The tool is aimed at practitioners and policymakers involved in the governance of the security sector at the executive level, at the parliamentary level (especially committees in charge of defence and security, as well as those in charge of budget and finance matters), and civil society stakeholders with an interest in public finances and/or the security sector.
It lists good practices from the sub-region and recommendations for relevant stakeholders to implement a budgetary and financial system capable of supporting the national security apparatus while respecting good governance principles.
SSR goes significantly beyond training and equipping institutions. It places a great emphasis on efficient and transparent management and governance mechanisms.
At the request of the ECOWAS commission, DCAF has developed several publications collectively entitled “The Toolkit for Security Sector Reform and Governance in West Africa". The main objective is to support the implementation of the Economic Community of West African States (ECOWAS) regional regulatory framework for SSR/SSG through practical advice and guidance tailored to the West African context and based on regional experiences. It specifically aims to facilitate policy development, implementation, and management of SSR processes at the national level.
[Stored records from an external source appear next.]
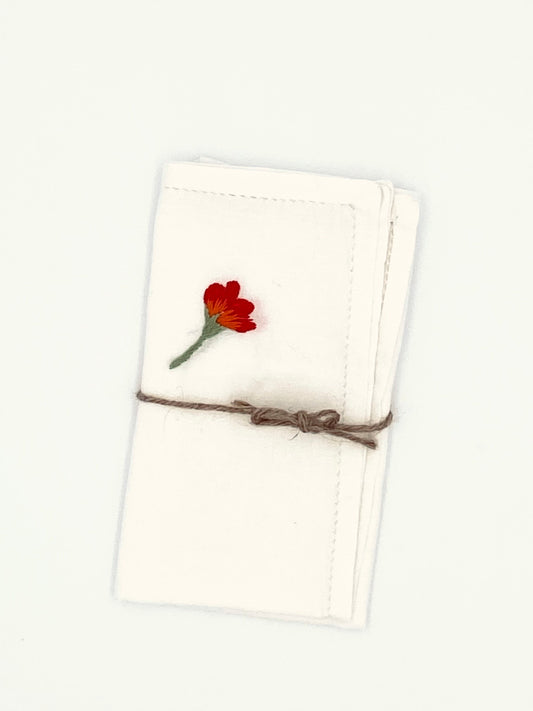 Les serviettes avec un coquelicot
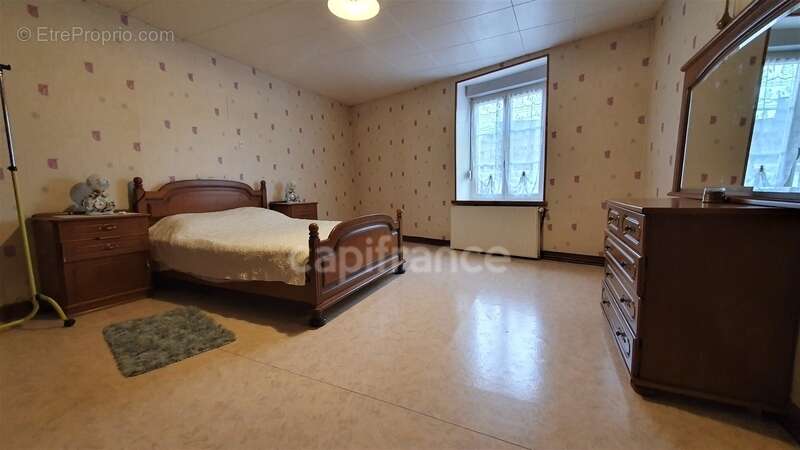 Maison à SAINT-LOUP-SUR-SEMOUSE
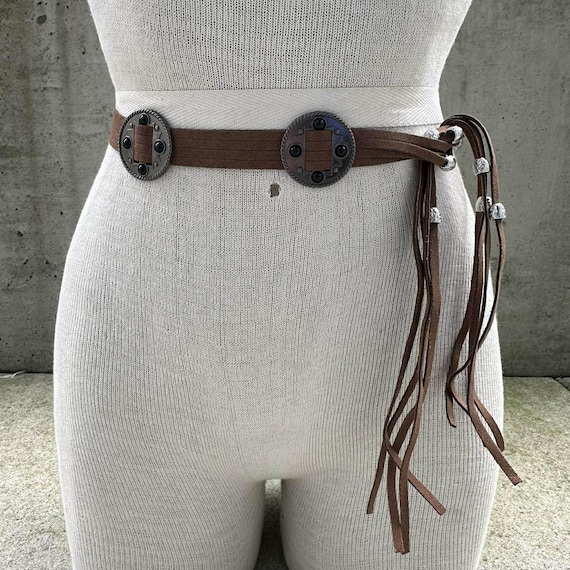 Vintage western concho belt, Y2K brown southwestern style leather belt, boho western accessory, cowgirl rodeo fashion, chic ranch heiress
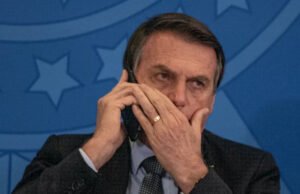 PF mira Bolsonaro, Braga Netto, Valdemar e outros em operação sobre tentativa de golpe em 2022 Foto do ex-presidente falnado ao telefone cobrindo a boca.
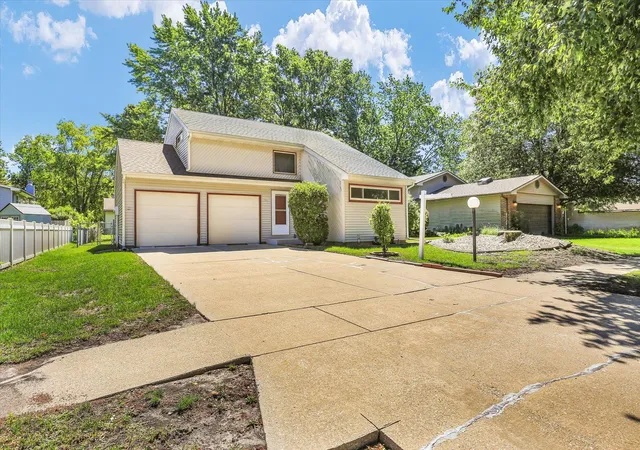 Photo 2 of Single family home for sale at 2314 Mulberry Ct, Champaign, IL 61821 | MLS# 12768008 | Listing updated on 2026-09-30
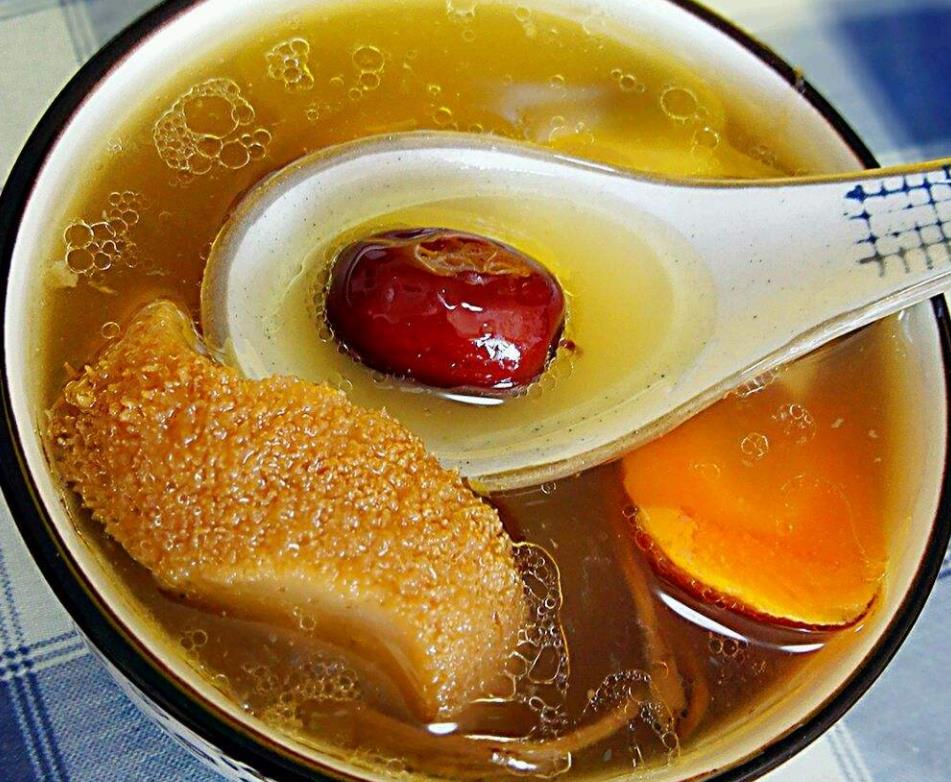 菌菇炖排骨的做法大全家常,炖排骨汤放几个羊肚菌好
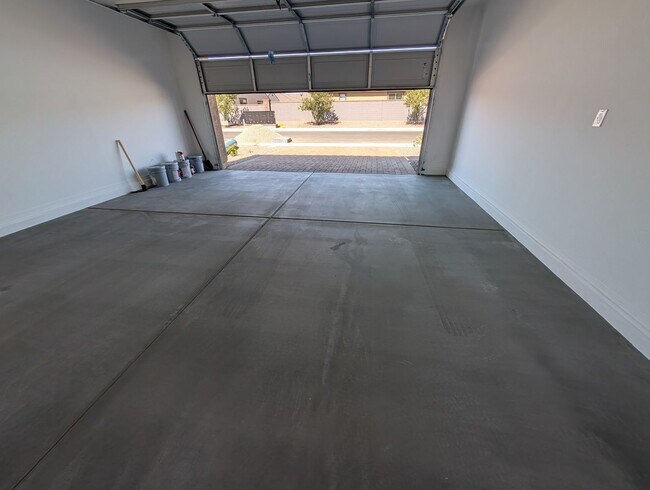 Building Photo - 4 Bedroom 3 Bathroom Parkside Los Cielos Home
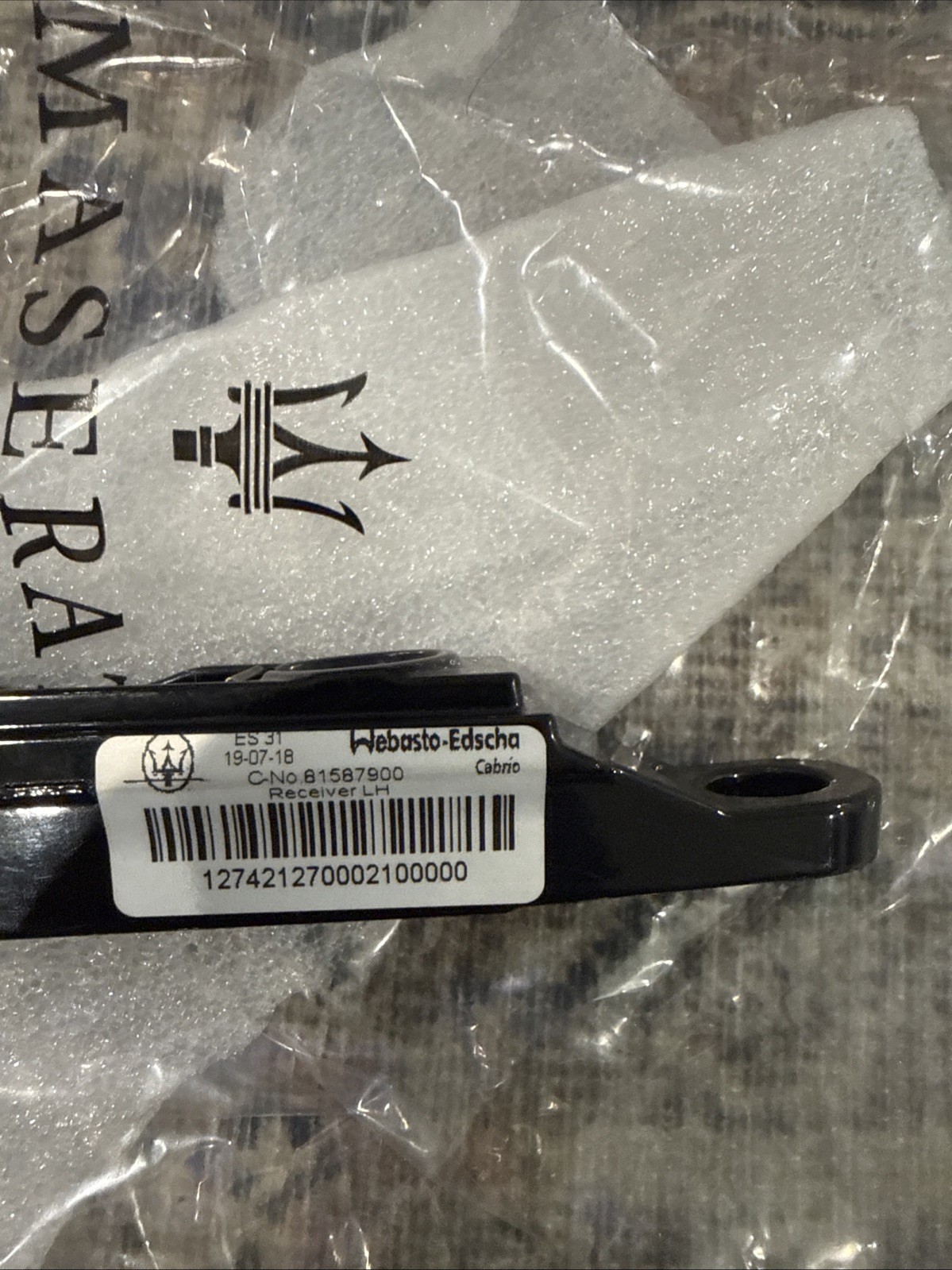 NEW OEM MASERATI GRANCabrio convertible top latch receiver webasto left 81587900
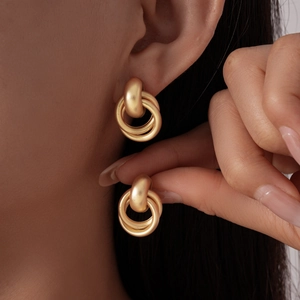 Boucles Oreilles Créoles Géométriques Métal Mat Anneaux Entrelacés Design Avec Tige En Acier Pour Femmes Moderne Minimaliste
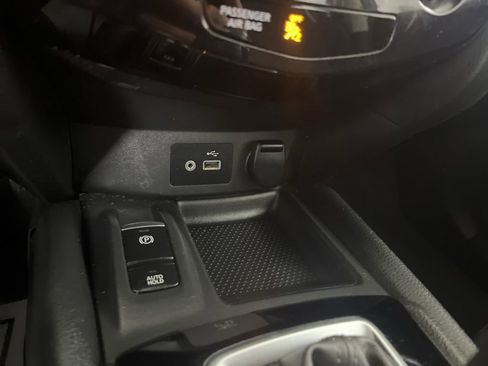 Used 2019 Nissan Rogue SV w/ Premium Package AWD/4WD image 69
This framework has been translated into practical guidance that takes into account the national contexts of West Africa and elucidates, for instance, the issues of parliamentary oversight, good financial governance of institutions, as well as the consideration of gender dimensions in SSR/SSG. One of the main challenges has been to develop tools that can be understood and used by the various stakeholders, including the Executive, the Parliament, the Judiciary, civil security sector oversight institutions, and civil society. This should contribute to the development and strengthening of a West African security strategy to support the regalian imperative of democratic governance, protection, and defence.